Les chiffres mis en avant par les analystes de S&P Global sont d'une froideur implacable : la demande mondiale de cuivre s'apprête à percuter le mur de la production. D'ici 2040, la consommation devrait atteindre 42 millions de tonnes, dopée par une électrification à marche forcée, encore et toujours à cause de l'intelligence artificielle. Le problème, c'est que l'offre, elle, est aux abonnés absents. Les projections indiquent un pic de production aux alentours de 2030 à seulement 33 millions de tonnes. Faites le calcul : il manquera près de 10 millions de tonnes de métal rouge pour faire tourner le monde.​

Ce déficit n'est pas un simple ajustement de marché, c'est une impasse physique. Ouvrir une nouvelle mine ne se fait pas en claquant des doigts. Il faut en moyenne 17 ans pour passer de la découverte du gisement à la première extraction commerciale. Pendant ce temps, les mines actuelles vieillissent, leurs rendements s'effondrent et les coûts d'exploitation s'envolent. Même le recyclage, souvent brandi comme la solution miracle par les services marketing, ne suffira pas à colmater la brèche. Si les opérateurs télécoms récupèrent bien quelques centaines de tonnes en remplaçant le cuivre par la fibre optique, cela reste une goutte d'eau dans un océan de besoins.

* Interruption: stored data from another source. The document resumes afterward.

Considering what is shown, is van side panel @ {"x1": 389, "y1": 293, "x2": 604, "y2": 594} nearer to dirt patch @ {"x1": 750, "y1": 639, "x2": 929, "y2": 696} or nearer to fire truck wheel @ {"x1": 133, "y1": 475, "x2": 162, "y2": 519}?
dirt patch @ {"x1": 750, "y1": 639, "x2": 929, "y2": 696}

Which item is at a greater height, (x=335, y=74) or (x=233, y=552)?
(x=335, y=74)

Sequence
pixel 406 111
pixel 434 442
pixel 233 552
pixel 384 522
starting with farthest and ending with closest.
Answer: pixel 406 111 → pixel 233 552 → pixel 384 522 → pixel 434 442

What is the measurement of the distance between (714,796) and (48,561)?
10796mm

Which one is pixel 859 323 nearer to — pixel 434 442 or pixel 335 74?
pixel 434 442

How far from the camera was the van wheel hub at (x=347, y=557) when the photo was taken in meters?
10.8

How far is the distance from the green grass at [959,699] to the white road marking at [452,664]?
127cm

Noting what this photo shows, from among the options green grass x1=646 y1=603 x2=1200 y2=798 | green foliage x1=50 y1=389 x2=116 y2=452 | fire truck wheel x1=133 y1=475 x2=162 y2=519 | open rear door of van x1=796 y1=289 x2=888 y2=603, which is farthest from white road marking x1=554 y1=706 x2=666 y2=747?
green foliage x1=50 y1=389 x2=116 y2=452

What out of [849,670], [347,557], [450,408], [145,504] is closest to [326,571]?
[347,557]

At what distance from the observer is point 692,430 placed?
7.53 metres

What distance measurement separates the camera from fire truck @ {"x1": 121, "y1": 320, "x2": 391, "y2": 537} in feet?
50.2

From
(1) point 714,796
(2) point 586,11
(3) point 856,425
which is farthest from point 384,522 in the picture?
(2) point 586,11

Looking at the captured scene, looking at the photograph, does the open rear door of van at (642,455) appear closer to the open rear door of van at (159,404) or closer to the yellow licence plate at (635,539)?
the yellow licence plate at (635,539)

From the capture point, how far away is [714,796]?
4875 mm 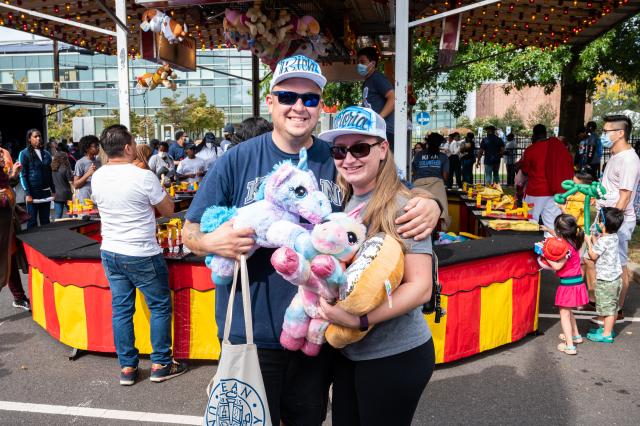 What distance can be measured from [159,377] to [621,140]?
4852 mm

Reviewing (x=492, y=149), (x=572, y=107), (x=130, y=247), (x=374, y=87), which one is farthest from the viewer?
(x=492, y=149)

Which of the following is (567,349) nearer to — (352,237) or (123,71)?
(352,237)

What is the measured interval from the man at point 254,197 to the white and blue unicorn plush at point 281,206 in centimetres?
9

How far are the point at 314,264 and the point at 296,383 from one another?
0.75 m

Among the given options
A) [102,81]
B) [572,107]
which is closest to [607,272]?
Result: [572,107]

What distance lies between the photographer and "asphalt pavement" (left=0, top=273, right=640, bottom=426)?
372 cm

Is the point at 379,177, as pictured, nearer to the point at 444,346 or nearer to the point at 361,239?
the point at 361,239

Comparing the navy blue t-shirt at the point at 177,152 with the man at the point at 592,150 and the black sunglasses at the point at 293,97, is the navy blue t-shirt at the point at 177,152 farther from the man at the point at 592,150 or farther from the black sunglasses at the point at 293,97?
the black sunglasses at the point at 293,97

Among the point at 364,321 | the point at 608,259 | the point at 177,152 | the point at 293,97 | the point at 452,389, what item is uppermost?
the point at 293,97

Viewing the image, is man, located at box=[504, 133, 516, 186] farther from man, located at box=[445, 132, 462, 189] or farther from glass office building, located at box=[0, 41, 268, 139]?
glass office building, located at box=[0, 41, 268, 139]

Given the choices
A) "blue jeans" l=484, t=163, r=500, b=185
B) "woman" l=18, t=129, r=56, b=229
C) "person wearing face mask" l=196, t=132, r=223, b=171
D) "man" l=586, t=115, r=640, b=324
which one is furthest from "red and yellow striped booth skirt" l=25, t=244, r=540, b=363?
"blue jeans" l=484, t=163, r=500, b=185

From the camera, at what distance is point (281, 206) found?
6.47 feet

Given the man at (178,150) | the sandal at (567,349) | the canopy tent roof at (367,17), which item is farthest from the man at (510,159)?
the sandal at (567,349)

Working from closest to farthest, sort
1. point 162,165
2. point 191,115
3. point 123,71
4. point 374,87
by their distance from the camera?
point 374,87 < point 123,71 < point 162,165 < point 191,115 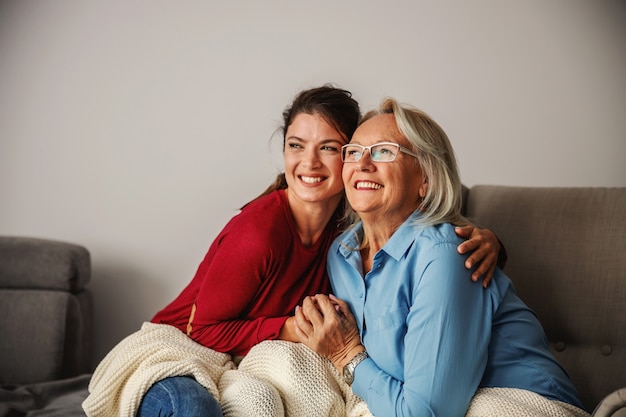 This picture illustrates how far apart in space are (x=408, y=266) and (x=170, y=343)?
→ 2.15 feet

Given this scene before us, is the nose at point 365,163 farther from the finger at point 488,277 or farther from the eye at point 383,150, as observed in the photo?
the finger at point 488,277

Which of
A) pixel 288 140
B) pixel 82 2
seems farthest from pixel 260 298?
pixel 82 2

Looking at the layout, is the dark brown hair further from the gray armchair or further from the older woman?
the gray armchair

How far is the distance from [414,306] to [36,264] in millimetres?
1556

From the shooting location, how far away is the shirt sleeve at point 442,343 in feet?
4.84

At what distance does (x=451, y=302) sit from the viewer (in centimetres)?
149

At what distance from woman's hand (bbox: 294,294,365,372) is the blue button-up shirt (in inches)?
1.6

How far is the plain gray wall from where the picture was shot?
2.63 metres

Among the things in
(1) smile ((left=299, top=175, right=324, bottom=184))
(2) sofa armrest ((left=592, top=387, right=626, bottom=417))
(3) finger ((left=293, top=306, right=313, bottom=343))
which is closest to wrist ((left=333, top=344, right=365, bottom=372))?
(3) finger ((left=293, top=306, right=313, bottom=343))

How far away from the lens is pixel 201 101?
2.72 metres

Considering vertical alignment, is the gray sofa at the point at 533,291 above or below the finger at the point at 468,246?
below

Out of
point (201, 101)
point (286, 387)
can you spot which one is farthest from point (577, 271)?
point (201, 101)

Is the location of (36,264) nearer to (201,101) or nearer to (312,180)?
(201,101)

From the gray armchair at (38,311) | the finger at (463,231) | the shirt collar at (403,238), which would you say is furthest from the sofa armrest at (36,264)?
the finger at (463,231) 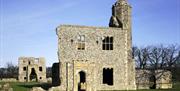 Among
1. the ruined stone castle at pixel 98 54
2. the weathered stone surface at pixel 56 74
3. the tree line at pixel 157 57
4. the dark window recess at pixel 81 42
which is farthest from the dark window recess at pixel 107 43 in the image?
the tree line at pixel 157 57

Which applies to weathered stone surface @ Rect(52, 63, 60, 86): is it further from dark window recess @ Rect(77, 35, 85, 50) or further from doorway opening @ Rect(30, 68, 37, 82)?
doorway opening @ Rect(30, 68, 37, 82)

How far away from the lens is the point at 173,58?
240 feet

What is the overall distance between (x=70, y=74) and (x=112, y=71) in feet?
18.0

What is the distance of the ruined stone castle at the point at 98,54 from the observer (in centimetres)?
3847

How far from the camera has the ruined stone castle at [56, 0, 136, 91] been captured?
3847 cm

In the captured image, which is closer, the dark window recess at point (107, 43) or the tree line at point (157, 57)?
the dark window recess at point (107, 43)

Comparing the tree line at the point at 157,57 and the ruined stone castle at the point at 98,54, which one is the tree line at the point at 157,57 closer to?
the tree line at the point at 157,57

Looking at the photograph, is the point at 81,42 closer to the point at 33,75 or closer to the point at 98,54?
the point at 98,54

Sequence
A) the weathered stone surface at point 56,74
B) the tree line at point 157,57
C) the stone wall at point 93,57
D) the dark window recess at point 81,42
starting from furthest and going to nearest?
the tree line at point 157,57
the weathered stone surface at point 56,74
the dark window recess at point 81,42
the stone wall at point 93,57

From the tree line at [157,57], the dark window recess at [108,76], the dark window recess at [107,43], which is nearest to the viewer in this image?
the dark window recess at [107,43]

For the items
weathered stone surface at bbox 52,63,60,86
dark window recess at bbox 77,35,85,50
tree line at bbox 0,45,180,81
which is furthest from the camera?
tree line at bbox 0,45,180,81

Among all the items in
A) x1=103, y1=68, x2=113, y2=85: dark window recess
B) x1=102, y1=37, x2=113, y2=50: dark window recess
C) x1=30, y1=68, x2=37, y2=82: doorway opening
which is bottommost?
x1=30, y1=68, x2=37, y2=82: doorway opening

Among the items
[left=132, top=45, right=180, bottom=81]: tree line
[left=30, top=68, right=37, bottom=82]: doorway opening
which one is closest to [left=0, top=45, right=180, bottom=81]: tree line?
[left=132, top=45, right=180, bottom=81]: tree line

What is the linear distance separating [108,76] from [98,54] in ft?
14.5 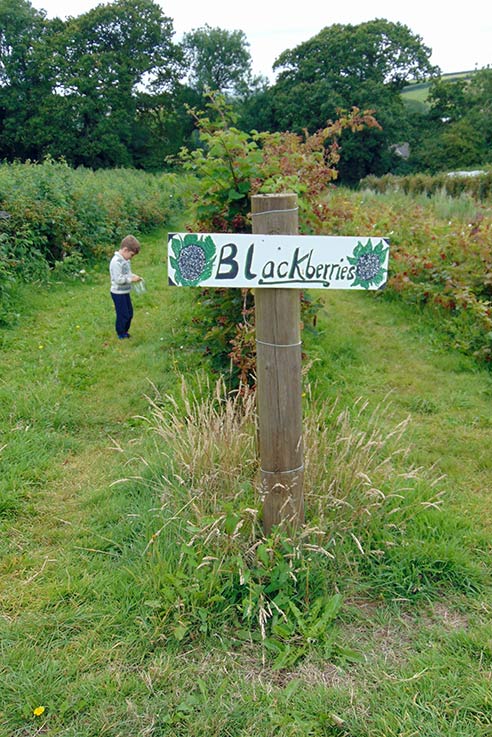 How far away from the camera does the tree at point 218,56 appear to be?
46.4 meters

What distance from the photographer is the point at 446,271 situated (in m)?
6.73

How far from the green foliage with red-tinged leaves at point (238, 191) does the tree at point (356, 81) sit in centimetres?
3685

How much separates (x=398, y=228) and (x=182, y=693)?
306 inches

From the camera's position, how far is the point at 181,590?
7.91 feet

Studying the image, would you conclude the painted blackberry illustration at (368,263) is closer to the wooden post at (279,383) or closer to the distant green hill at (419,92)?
the wooden post at (279,383)

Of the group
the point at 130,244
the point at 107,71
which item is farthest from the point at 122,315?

Quand la low-tech tient la high-tech en otage

Ce qui est fascinant ici, c'est l'ironie de la situation. Nous construisons des modèles d'intelligence artificielle capables de raisonner, nous déployons des réseaux de véhicules autonomes, mais tout cet édifice repose sur notre capacité à creuser des trous pour en sortir du métal, comme au XIXe siècle. Cette dépendance au cuivre met en lumière une fragilité stratégique majeure, comparable à celle que nous observons sur le marché des cartes graphiques ou de la mémoire. La Chine contrôle aujourd'hui entre 40 et 50% des capacités mondiales de raffinage. C'est un levier géopolitique colossal, transformant chaque bobine de câble en potentiel instrument de pression diplomatique alors que l'Occident prive activement le pays de puces IA et de machines lithographiques.​

Mine de cuivre. © Shutterstock
Mine de cuivre. © Shutterstock

Il ne faut pas s'y tromper, cette tension sur l'offre n'est pas juste une mauvaise nouvelle pour les industriels, c'est une taxe directe sur le consommateur final. Les promesses de la photonique sur silicium, cette technologie qui remplace les électrons par de la lumière, restent pour l'instant des fantasmes de laboratoire pour le grand public. Dans la réalité tangible, pour connecter une carte graphique à une carte mère ou raccorder une éolienne au réseau, il faut du cuivre. Beaucoup de cuivre. La « transition énergétique » et le « boom de l'IA » sont en train de se battre pour les mêmes ressources limitées, créant une concurrence féroce qui ne peut avoir qu'une seule issue : une explosion des prix sur toute la chaîne, du câble Ethernet premier prix aux infrastructures critiques.